Learning or Management Systems? « Connectivism - 1 views

  • Two broad approaches exist for learning technology implementation: The adoption of a centralized learning management approach. This may include development of a central learning support lab where new courses are developed in a team-based approach—consisting of subject matter expert, graphic designers, instructional designer, and programmers. This model can be effective for creation of new courses and programs receiving large sources of funding. Most likely, however, enterprise-wide adoption (standardizing on a single LMS) requires individual departments and faculty members to move courses online by themselves. Support may be provided for learning how to use the LMS, but moving content online is largely the responsibility of faculty. This model works well for environments where faculty have a high degree of autonomy, though it does cause varying levels of quality in online courses. Personal learning environments (PLEs) are a recent trend addressing the limitations of an LMS. Instead of a centralized model of design and deployment, individual departments select from a collage of tools—each intending to serve a particular function in the learning process. Instead of limited functionality, with highly centralized control and sequential delivery of learning, a PLE provides a more contextually appropriate toolset. The greater adaptability to differing learning approaches and environments afforded by PLEs is offset by the challenge of reduced structure in management and implementation of learning. This can present a significant challenge when organizations value traditional lecture learning models.
    • Keith Hamon
       
      QEP as I envision it leans heavily toward the second of these two approaches.
    • Thomas Clancy
       
      Indeed, these two stood out for me, too! We are all about developing PLEs / PLNs for our QEP students.

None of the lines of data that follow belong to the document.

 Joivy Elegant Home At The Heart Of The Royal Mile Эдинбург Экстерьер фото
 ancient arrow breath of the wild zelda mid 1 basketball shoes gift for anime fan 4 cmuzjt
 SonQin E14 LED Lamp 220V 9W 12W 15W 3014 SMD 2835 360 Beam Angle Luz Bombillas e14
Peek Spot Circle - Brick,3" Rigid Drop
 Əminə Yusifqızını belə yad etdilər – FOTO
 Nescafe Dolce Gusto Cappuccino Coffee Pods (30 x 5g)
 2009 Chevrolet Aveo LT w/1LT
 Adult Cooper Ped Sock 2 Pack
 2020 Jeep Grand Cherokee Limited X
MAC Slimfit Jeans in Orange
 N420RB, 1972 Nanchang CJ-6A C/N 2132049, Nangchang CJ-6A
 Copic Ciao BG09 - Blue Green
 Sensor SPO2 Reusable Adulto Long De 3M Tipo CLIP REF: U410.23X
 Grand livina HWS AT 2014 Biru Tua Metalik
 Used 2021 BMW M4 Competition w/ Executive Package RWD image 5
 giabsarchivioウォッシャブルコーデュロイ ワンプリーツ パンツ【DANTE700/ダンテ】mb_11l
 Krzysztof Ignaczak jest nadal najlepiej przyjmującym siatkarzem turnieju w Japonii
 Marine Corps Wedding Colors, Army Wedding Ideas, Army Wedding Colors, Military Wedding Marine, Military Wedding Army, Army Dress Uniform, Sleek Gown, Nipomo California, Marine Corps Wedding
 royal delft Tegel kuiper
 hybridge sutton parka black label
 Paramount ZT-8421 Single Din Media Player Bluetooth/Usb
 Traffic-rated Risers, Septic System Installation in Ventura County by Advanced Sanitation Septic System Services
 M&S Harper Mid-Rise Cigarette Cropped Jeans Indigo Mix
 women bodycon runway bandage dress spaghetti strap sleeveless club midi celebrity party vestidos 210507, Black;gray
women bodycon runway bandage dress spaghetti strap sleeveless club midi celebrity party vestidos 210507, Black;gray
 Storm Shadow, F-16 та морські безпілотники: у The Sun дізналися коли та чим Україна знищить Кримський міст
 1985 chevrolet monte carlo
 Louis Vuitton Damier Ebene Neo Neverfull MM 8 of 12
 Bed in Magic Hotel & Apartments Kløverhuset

  • Self-organised learning networks provide a base for the establishment of a form of education that goes beyond course and curriculum centric models, and envisions a learner-centred and learner controlled model of lifelong learning. In such learning contexts learners have the same possibilities to act that teachers and other staff members have in regular, less learner-centred educational approaches. In addition these networks are designed to operate without increasing the workload for learners or staff members.
    • Keith Hamon
       
      This is the QEP approach to online learning-in a nutshell, and explains why we prefer the suite of open Web 2.0 tools over central learning management systems such as Blackboard Vista.
  • Instead of learning housed in content management systems, learning is embedded in rich networks and conversational spaces. The onus, again, falls on the university to define its views of learning.
    • Keith Hamon
       
      One of the issues for QEP is to redefine the way ASU defines teaching/learning.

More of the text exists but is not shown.